Utiliser les mots justes avec un enfant douloureux
Kutttner L. L’enfant et sa douleur, identifier, comprendre, soulager. Paris : Dunod ; 2011
Thibaut P. Douleur de l’enfant, utiliser les mots justes. Soins Péd Puér 2012 ; 266 : 33-5

Des conseils pour choisir les mots adéquats sont donnés dans le livre récent de Leora Kuttner et dans un article français : il est recommandé de garder une attitude calme, d’expliquer à l’enfant ce qui se passe en adaptant son vocabulaire au développement de l’enfant, de reconnaître l’existence de la douleur (et de ne pas la nier), de ne pas suggérer des pleurs mais de manifester son accord si l’enfant pleure, d’informer avant le soin sur les moyens de prévenir la douleur (au lieu d’annoncer uniquement la douleur en disant « je vais te piquer »), de ne pas s’excuser, d’expliquer le déroulé avec la distraction proposée, et de toujours laisser de l’espoir (ne pas dire « on n’y peut rien »).

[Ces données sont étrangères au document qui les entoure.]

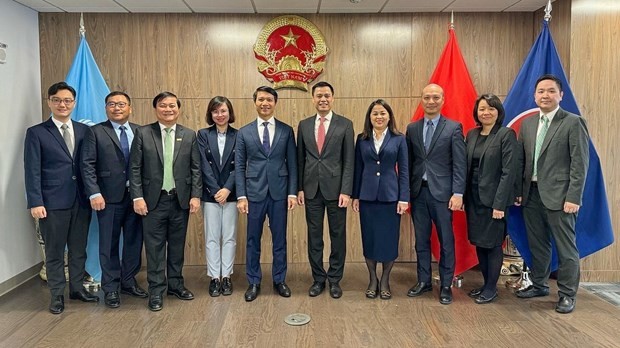 越南常驻联合国代表团团长邓黄江大使与胡志明共青团中央委员会常务书记阮玉良一行合影。（图：越通社）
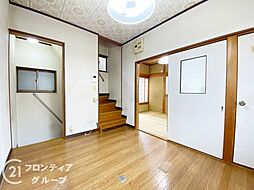 居間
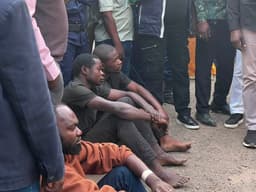 Haut-Katanga : boxeurs viraux et présumés voleurs de cathodes présentés au gouverneur Kazembe article de nouvelles society...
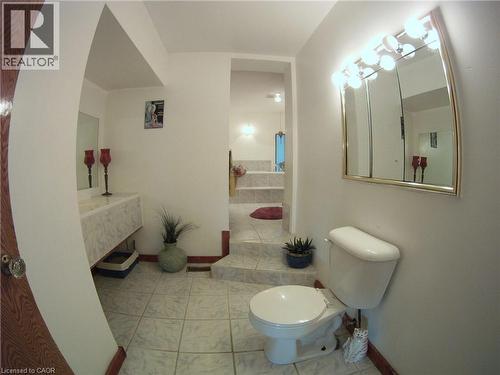 160 Erb Street E, Waterloo, ON - Indoor Photo Showing Bathroom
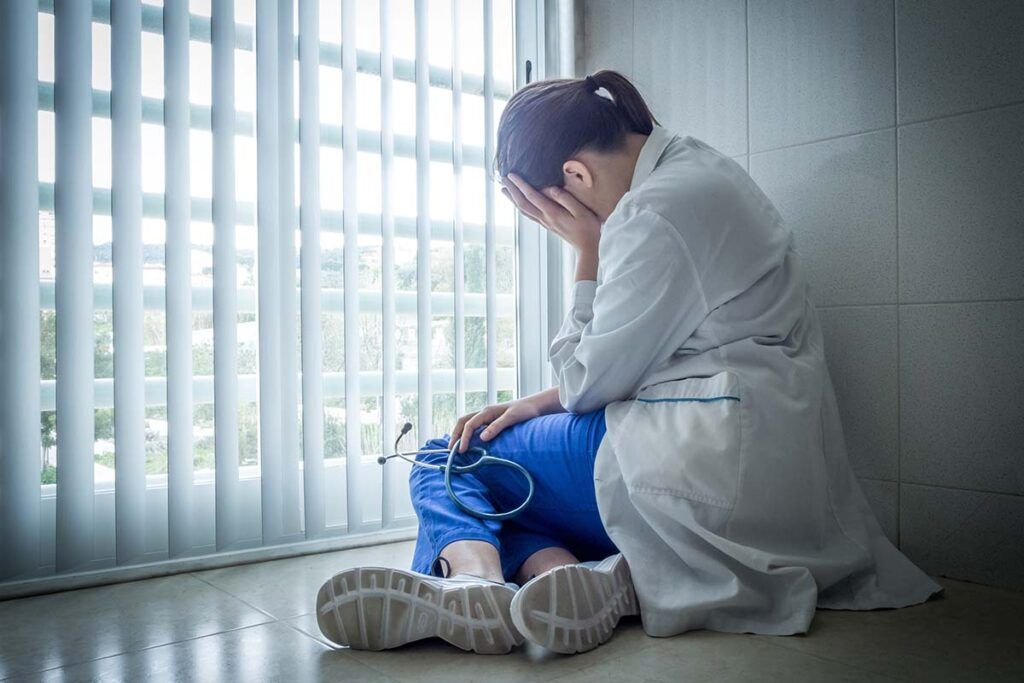 Alto riesgo de suicidio entre las médicas de EE UU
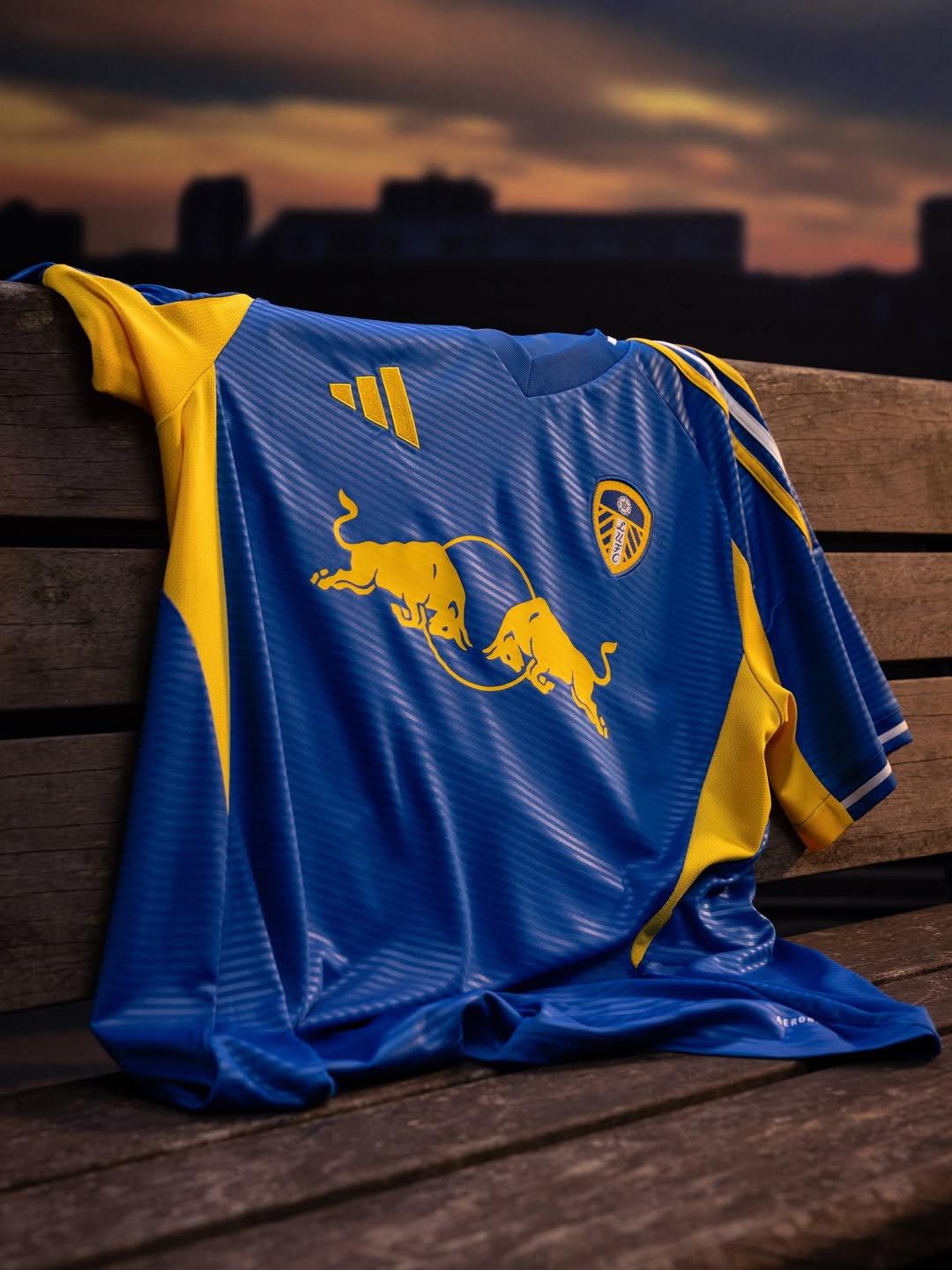 Leeds United voetbalshirts 2025-2026 geïnspireerd door Lowfields Tunnel, sjaals en shirt 2001-2003
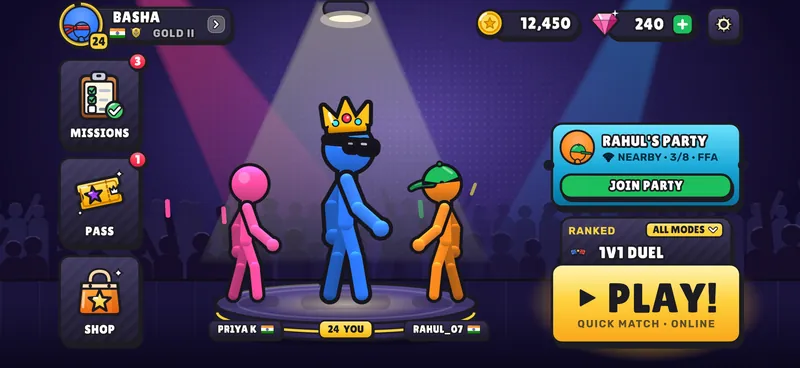 Home in the Spotlight look: your fighter on a lit podium with two friends from your Wi-Fi and the crowd behind.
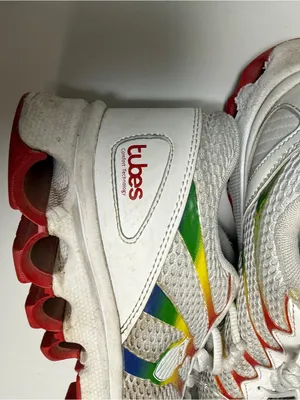 K-Swiss Tubes Running Shoes Women’s Size 9 White Rainbow Mesh Sneakers thumbnail 2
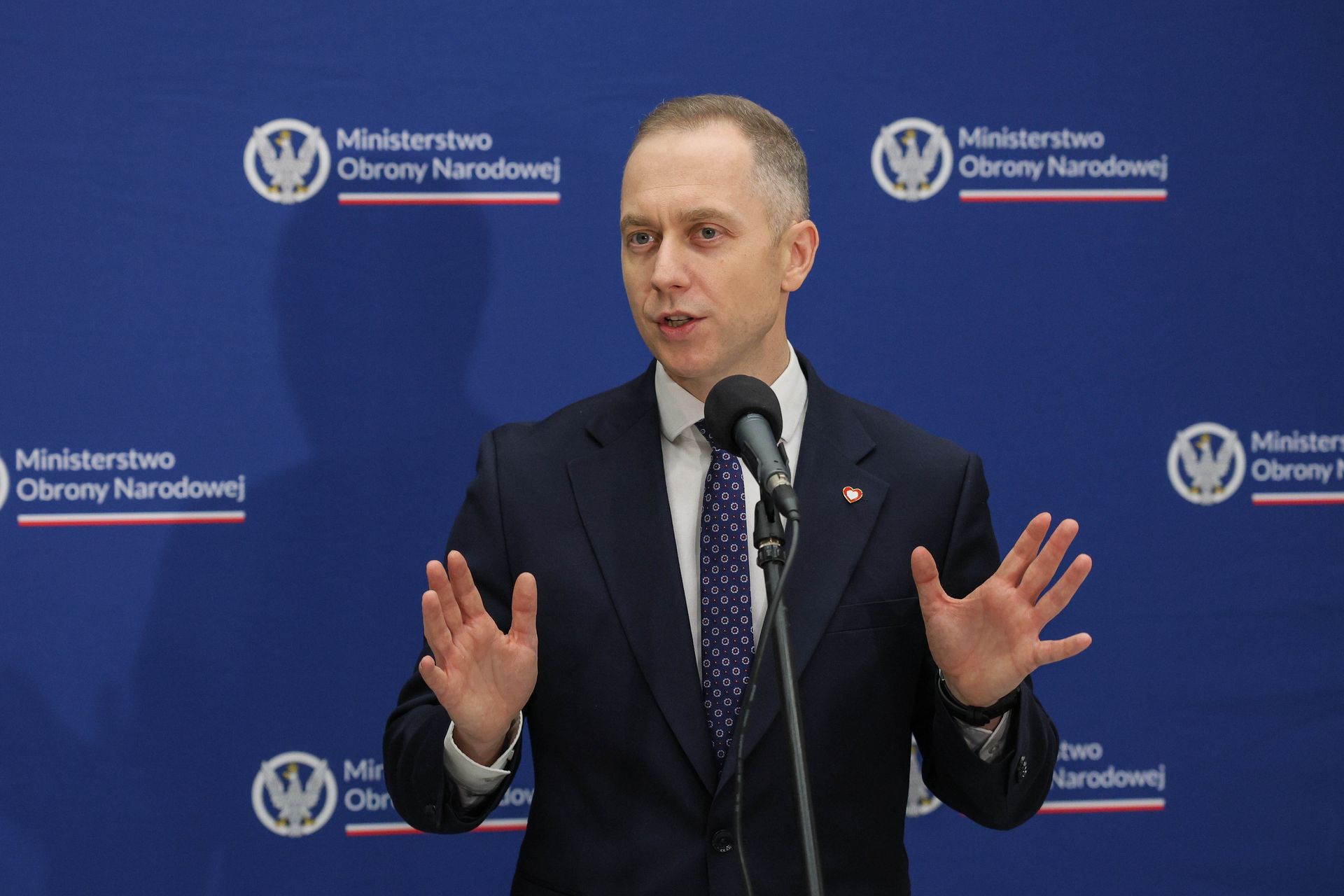 Tomczyk o szefie BBN. "Jest gdzieś pod stołem na kolanach"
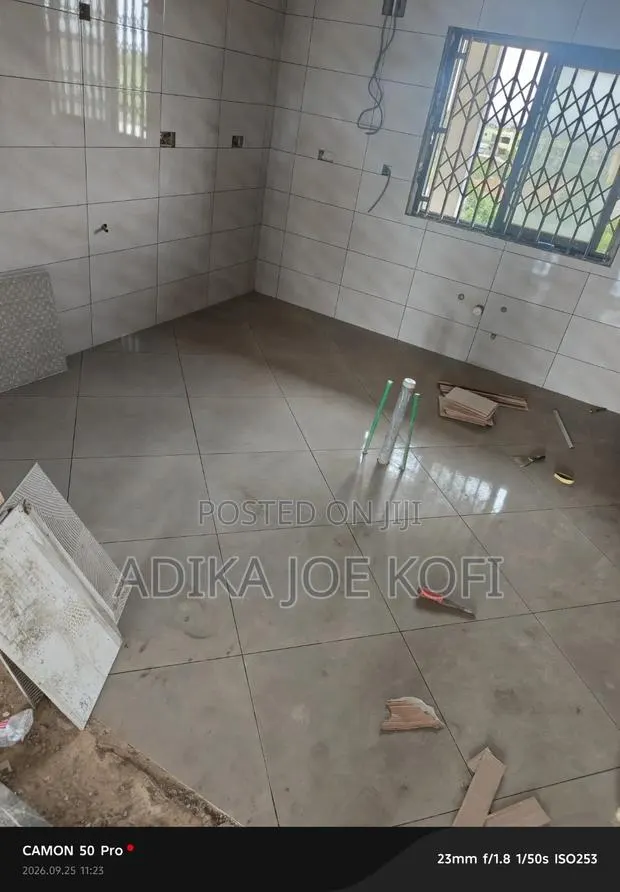 Work With Professional Tilling Installations · Photo 4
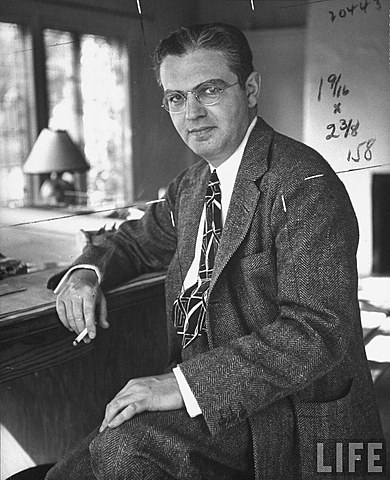 Henry Dreyfuss (1904-1972)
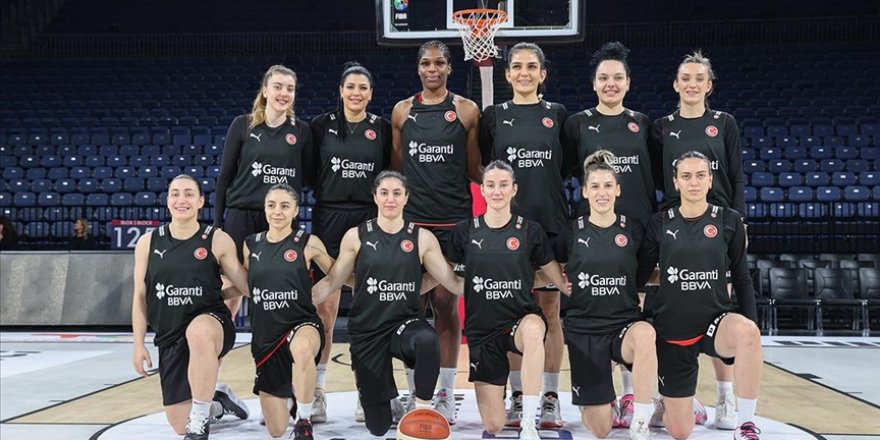 Avrupa Şampiyonası'na katılacak kadın milli basketbolcular için medya günü düzenlendi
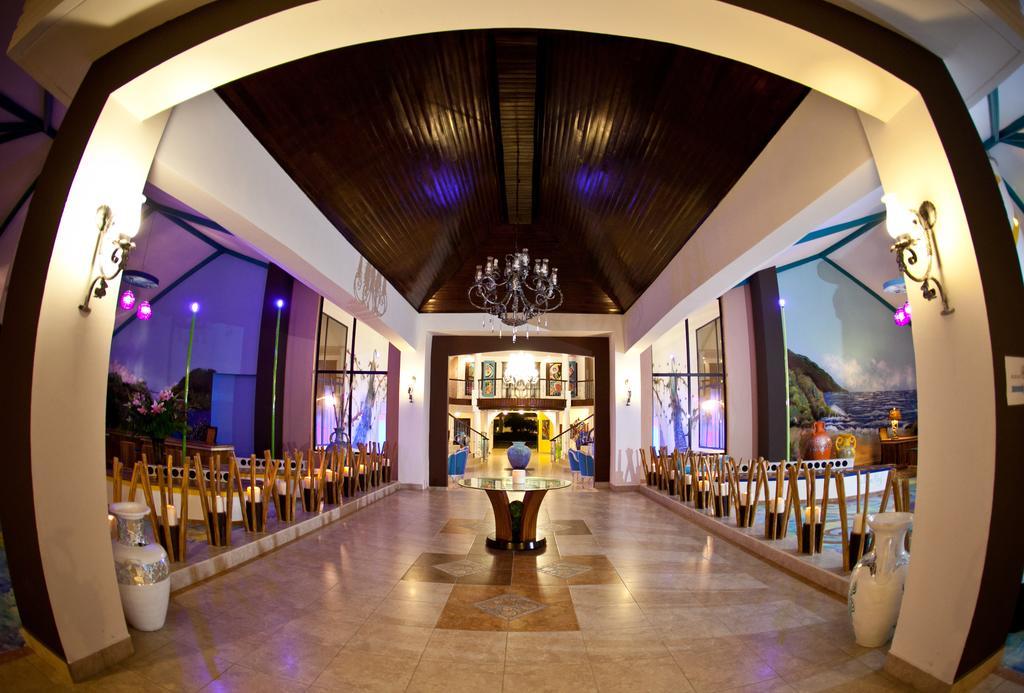 Hotel Palma Real Sambo Creek 외부 사진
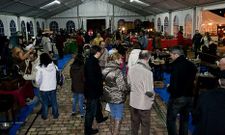 La feria comenz� ayer por la tarde, con casi 60 artesanos y anticuarios; A Pontenova ya lo nota.
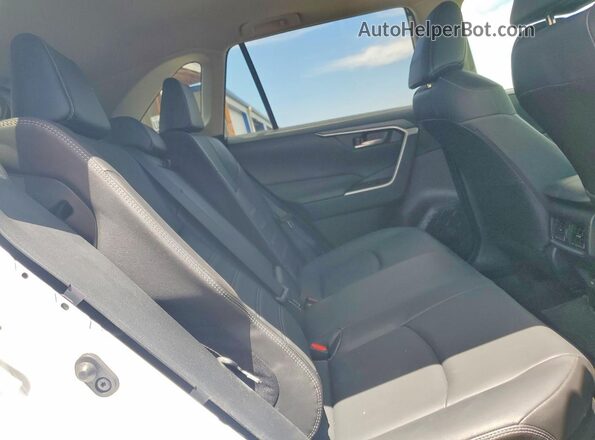 JTMB6RFVXRJ053777 2024 TOYOTA RAV4 White Սալոնի հետևի տեսք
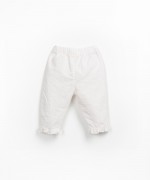 Pantaln con detalle de volante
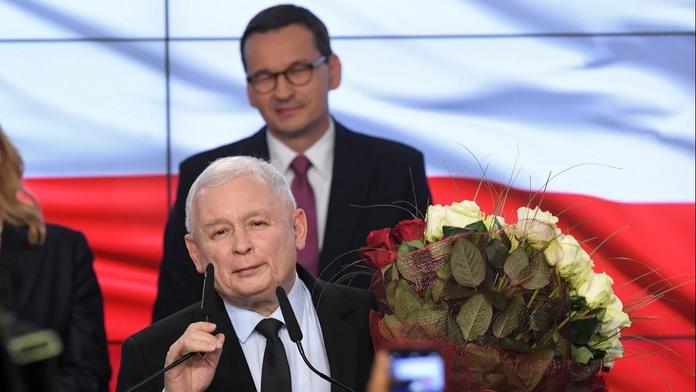 Z největší polské strany vyloučili 40 politiků. Měli závažně porušit pravidla
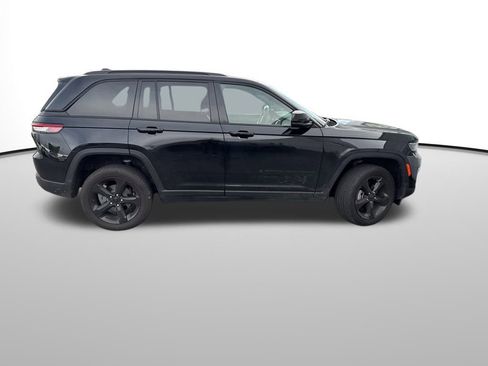 Used 2024 Jeep Grand Cherokee Altitude image 36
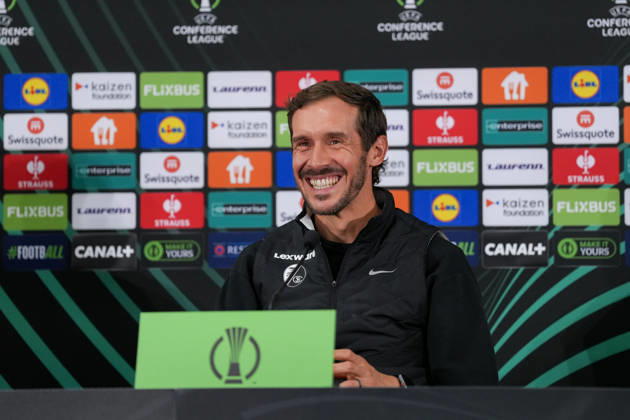Julian Schuster (SC Freiburg, Trainer) bei der PK, Pressekonferenz , Monaco, Fussball, UEFA Conference League, 2. Spieltag, Ligaphase , 2026 2027, AS Monaco vs. SC Freiburg, 21.10.2026, Stade Louis II, Monaco Monaco Stade Louis II Fontvieille Monaco Copyright: xArnexAmbergx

Une phrase quotidienne peut blesser les patients : l’influence des mots négatifs sur la douleur lors des ponctions veineuses
Ott J, Aust S, Nouri K, Promberger R.
An everyday phrase may harm your patients : the influence of negative words on pain during venous blood sampling
Clin J Pain 2012 ; 28 (4) : 324-8

Étude réalisée chez l’adulte ; chez l’enfant, le poids des mots nous semble ne pouvoir être que plus important ! L’objectif était de comparer l’effet de l’annonce de deux phrases standardisées prononcées juste avant un prélèvement sanguin sur : les scores de douleur, la fréquence cardiaque et la pression artérielle. Les deux phrases visaient à attirer l’attention du patient sur le geste pour éviter un effet distraction et bien comparer le poids des mots : à un groupe de patients était énoncé : « ça va piquer » et à l’autre « attention, je vais commencer ». Si le prélèvement était un échec, le patient était exclu. La fréquence cardiaque et la pression artérielle étaient mesurées juste avant et juste après le geste. Les patients notaient leur douleur par une échelle numérique de 0 à 10 (la pire douleur imaginable).
Résultats : 100 patients de 19 à 35 ans (50 % de femmes) ont été inclus et 98 ont complété l’étude (2 échecs de prélèvements). La douleur moyenne rapportée a été de 2,7 ± 1,2 dans le groupe « pique » et de 1,6 ± 1,1 dans le groupe « attention », soit une réduction de 40,7 %. Dans le groupe « attention », 58 % ont noté un score < 1/10, pour seulement 4,2 % dans le groupe « pique ». Aucune différence significative n’a été montrée pour les variables cardiaques. Les auteurs concluent à l’importance des mots utilisés, même si les scores de douleur sont globalement bas dans les deux groupes.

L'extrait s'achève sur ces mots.